What Is the GST Rate on Lassi and Buttermilk?

Quick Answer: GST on lassi and buttermilk is 0% for loose, unbranded sales and generally 5% for pre-packaged, branded versions. It works through HSN code 0403, which classifies fermented and acidified dairy products. Most commonly applied by dairy processors selling through retail and quick-commerce channels.

The rate split comes down to one factor: packaging and labelling, not the recipe itself. A loose glass of buttermilk sold at a local dairy counter is exempt. The same product bottled and sold under a brand name typically attracts GST, based on the current notification in force.

Recent GST Council rationalisation in September 2025 shifted several packaged dairy items back toward the exempt category, which means sellers need to check the live notification rather than rely on last year's invoice format.

Why Packaging Status Changes the Rate

The GST Council treats branded, packaged food differently from loose commodity sales, largely to track organized sector revenue while keeping unbranded staples affordable for lower-income buyers. This is the same logic applied across rice, flour, and other packaged staples.

Why Is GST on Cold Drinks So Much Higher Than Dairy Beverages?

Quick Answer: Cold drinks attract 40% GST, made up of 28% GST plus 12% compensation cess, under HSN 2202. It works as a deterrent tax on sugary, non-essential beverages. Most commonly cited as the reason dairy beverages now outprice carbonated drinks at retail.

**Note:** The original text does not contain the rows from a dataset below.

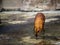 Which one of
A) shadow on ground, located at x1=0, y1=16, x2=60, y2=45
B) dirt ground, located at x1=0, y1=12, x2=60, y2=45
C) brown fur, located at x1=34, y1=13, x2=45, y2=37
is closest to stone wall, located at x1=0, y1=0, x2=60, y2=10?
dirt ground, located at x1=0, y1=12, x2=60, y2=45

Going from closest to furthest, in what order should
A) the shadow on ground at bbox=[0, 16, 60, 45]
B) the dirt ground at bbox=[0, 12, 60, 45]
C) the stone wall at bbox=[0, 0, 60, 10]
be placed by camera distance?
the dirt ground at bbox=[0, 12, 60, 45]
the shadow on ground at bbox=[0, 16, 60, 45]
the stone wall at bbox=[0, 0, 60, 10]

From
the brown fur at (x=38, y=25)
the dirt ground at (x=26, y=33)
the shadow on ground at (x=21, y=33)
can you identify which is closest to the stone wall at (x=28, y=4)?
the dirt ground at (x=26, y=33)

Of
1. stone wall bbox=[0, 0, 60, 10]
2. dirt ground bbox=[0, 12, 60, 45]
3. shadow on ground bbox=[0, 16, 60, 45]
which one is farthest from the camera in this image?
stone wall bbox=[0, 0, 60, 10]

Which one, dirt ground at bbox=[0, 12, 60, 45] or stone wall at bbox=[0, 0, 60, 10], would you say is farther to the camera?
stone wall at bbox=[0, 0, 60, 10]

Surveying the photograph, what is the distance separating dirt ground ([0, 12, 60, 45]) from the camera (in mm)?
4621

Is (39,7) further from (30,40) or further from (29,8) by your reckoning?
(30,40)

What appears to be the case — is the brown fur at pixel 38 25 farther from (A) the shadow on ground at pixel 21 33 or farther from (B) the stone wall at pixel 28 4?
(B) the stone wall at pixel 28 4

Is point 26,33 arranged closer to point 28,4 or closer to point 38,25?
point 38,25

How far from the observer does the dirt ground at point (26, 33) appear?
462cm

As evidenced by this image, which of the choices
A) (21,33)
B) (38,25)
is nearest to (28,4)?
(21,33)

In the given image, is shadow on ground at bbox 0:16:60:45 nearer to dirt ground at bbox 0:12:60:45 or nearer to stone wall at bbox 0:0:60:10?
dirt ground at bbox 0:12:60:45

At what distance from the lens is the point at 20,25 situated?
6.35m

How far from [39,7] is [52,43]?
4819 millimetres

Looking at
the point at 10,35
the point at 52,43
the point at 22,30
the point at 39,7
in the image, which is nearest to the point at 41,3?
the point at 39,7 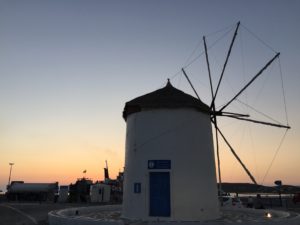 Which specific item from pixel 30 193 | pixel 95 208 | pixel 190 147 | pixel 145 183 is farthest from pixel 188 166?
pixel 30 193

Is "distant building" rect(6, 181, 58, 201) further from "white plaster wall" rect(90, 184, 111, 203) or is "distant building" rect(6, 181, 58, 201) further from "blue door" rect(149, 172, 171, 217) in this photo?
"blue door" rect(149, 172, 171, 217)

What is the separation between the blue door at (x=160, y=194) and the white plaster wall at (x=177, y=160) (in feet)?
0.87

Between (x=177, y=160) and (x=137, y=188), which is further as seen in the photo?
(x=137, y=188)

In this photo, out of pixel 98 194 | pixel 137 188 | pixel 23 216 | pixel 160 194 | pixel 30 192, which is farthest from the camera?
pixel 30 192

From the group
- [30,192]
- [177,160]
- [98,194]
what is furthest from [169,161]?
[30,192]

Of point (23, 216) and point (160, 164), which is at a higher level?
point (160, 164)

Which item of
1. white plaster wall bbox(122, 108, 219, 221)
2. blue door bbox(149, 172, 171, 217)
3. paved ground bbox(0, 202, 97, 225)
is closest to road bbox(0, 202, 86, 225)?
paved ground bbox(0, 202, 97, 225)

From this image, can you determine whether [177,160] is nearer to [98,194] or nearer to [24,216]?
[24,216]

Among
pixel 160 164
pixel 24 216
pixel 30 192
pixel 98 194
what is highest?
pixel 30 192

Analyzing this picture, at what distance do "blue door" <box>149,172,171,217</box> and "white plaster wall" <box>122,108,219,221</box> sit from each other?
265 millimetres

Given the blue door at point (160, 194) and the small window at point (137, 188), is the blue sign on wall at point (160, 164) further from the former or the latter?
the small window at point (137, 188)

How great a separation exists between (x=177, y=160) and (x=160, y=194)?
6.85 feet

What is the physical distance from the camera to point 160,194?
18.8m

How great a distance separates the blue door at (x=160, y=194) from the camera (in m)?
18.6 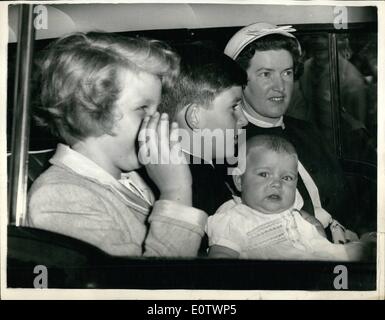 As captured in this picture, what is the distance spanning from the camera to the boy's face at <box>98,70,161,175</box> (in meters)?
2.18

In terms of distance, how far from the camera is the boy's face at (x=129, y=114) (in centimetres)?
218

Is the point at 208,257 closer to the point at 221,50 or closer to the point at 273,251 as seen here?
the point at 273,251

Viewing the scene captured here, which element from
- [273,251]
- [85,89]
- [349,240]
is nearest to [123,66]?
[85,89]

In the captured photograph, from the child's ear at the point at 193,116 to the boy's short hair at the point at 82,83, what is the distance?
213 millimetres

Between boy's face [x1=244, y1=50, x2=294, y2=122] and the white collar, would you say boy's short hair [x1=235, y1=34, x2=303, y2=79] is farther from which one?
the white collar

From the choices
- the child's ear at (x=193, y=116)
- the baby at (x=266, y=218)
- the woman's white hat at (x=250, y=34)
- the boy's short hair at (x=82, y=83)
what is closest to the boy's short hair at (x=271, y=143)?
the baby at (x=266, y=218)

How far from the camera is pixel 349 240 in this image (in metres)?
2.26

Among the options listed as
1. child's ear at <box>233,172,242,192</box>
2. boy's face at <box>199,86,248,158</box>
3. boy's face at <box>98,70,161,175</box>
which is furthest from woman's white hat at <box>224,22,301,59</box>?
child's ear at <box>233,172,242,192</box>

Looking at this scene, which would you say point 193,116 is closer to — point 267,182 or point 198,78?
point 198,78

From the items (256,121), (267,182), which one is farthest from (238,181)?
(256,121)

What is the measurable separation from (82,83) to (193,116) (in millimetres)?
399

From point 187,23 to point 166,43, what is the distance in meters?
0.10

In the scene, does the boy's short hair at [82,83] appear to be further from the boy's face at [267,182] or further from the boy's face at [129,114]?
the boy's face at [267,182]

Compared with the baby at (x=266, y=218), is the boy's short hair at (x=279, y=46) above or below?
above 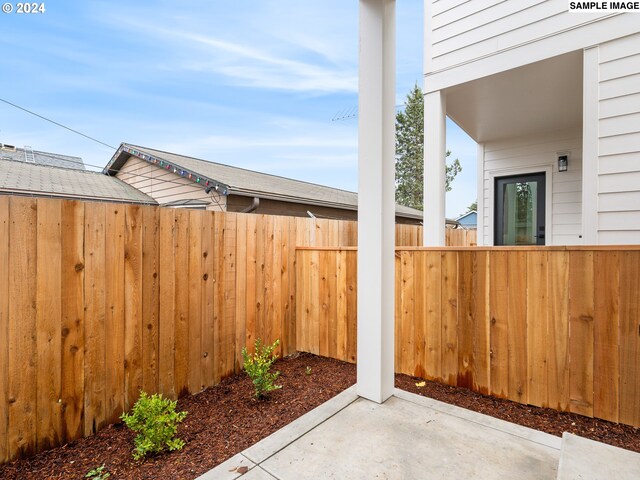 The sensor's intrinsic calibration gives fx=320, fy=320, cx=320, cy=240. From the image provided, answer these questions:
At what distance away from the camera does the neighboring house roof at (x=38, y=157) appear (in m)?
6.77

This is not an accident of classification. The compensation cess on aerated drinks was designed specifically to discourage consumption, similar to how tobacco and luxury goods are taxed. According to the ICRIER policy brief on beverage taxation, India's GST on carbonated soft drinks is among the highest globally relative to other food categories.

For a consumer choosing between a ₹10 buttermilk and a similarly priced cold drink with a much higher base cost baked in, the tax gap does real persuading before taste ever enters the decision.

How Does Branded vs Loose Classification Affect Your Margins?

Quick Answer: Branded and packaged dairy products are taxed differently from loose, unbranded sales under GST. It works by tying the tax trigger to whether a registered brand name and label appear on the package. Most commonly relevant for sellers scaling from local to organized retail.

This single decision affects three things directly: your shelf price, your Input Tax Credit eligibility, and your audit risk.

    Loose sales avoid GST but usually cannot claim ITC on packaging or logistics costs tied to that specific batch.

    Branded, packaged sales attract GST but open up ITC claims on inputs like packaging material and cold-chain transport.

    Misclassifying either direction creates a compliance gap that surfaces during scrutiny, along with interest and penalty on any shortfall.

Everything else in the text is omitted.